FIG.4 GAXD inhibits STAT3 activation in HepG2.2.15 cells; wherein rats are GAXD perfused, prepared drug-containing serum and HepG2.2.15 cells are co-incubated for 6h, and protein extraction-Western-blot analysis is carried out to analyze the expression of key pathway protein molecules of HBV-related HCC-related signal pathways (A) PI3K, and (B) AMPK and (C) STAT3 and the like. The results found that GAXD significantly inhibited the phosphorylation level (C) of STAT3 protein, but had no significant effect on the expression of key signal molecules in PI3K and MAPK pathways (a)&B) In that respect This indicates that GAXD is in HBV⁺Function in the treatment of HCC by inhibiting the STAT3 signaling pathway.

FIG.5 GAXD increases the proportion and activity of peripheral blood NK cells; peripheral blood lymphocytes of the mice are separated, and flow cytometry detection shows that in the GAXD treatment group: (A) the proportion of NK cells of CD3-DX5+ is increased, and (B) the expression of an NK cell surface activation molecule CD69 is also increased. (C) The MTT method detects that the killing rate of NK cells of the GAXD treatment group on the sensitive cell line YAC-1 is obviously increased. This suggests that GAXD has a positive immunomodulatory effect on NK cells.

Detailed Description

The invention is described below by means of specific embodiments. Unless otherwise specified, the technical means used in the present invention are well known to those skilled in the art.

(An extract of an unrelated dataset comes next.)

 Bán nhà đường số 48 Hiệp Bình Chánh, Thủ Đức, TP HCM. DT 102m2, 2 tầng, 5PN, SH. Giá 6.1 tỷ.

In addition, the embodiments should be considered illustrative, and not restrictive, of the scope of the invention, which is defined solely by the claims. It will be apparent to those skilled in the art that various changes or modifications in the components and amounts of the materials used in these embodiments can be made without departing from the spirit and scope of the invention. The raw materials and reagents used in the present invention are commercially available.

Example 1

(1) The medicine comprises the following components: the liver cancer protocol (GAXD) is prepared from Fritillaria paniculata (5X), Stephania tetrandra (3X), Rheum officinale (1X), Ligusticum chuanxiong (2X) and Astragalus membranaceus (5X) in combination.

(2) The boiling method comprises the following steps: firstly, adding water into rhubarb for half a minute, then adding rhizoma bolbostemmae, radix stephaniae tetrandrae, ligusticum wallichii and astragalus, and decocting with slow fire.

Example 2

(1) The medicine comprises the following components: the liver cancer protocol (GAXD) is prepared by combining Fritillaria paniculata (5), Stephania tetrandra (3), Rheum officinale (1), Ligusticum wallichii (3), Astragalus membranaceus (5) and five traditional Chinese medicines.

(2) The boiling method comprises the following steps: firstly, adding water into rhubarb for half a minute, then adding rhizoma bolbostemmae, radix stephaniae tetrandrae, ligusticum wallichii and astragalus, and decocting with slow fire.

Example 3

(1) The medicine comprises the following components: the liver cancer protocol (GAXD) is prepared from Fritillaria paniculata (5X), Stephania tetrandra (3X), Rheum officinale (1X), Ligusticum chuanxiong (2X) and Astragalus membranaceus (3X) in combination.

(2) The boiling method comprises the following steps: firstly, adding water into rhubarb for half a minute, then adding rhizoma bolbostemmae, radix stephaniae tetrandrae, ligusticum wallichii and astragalus, and decocting with slow fire.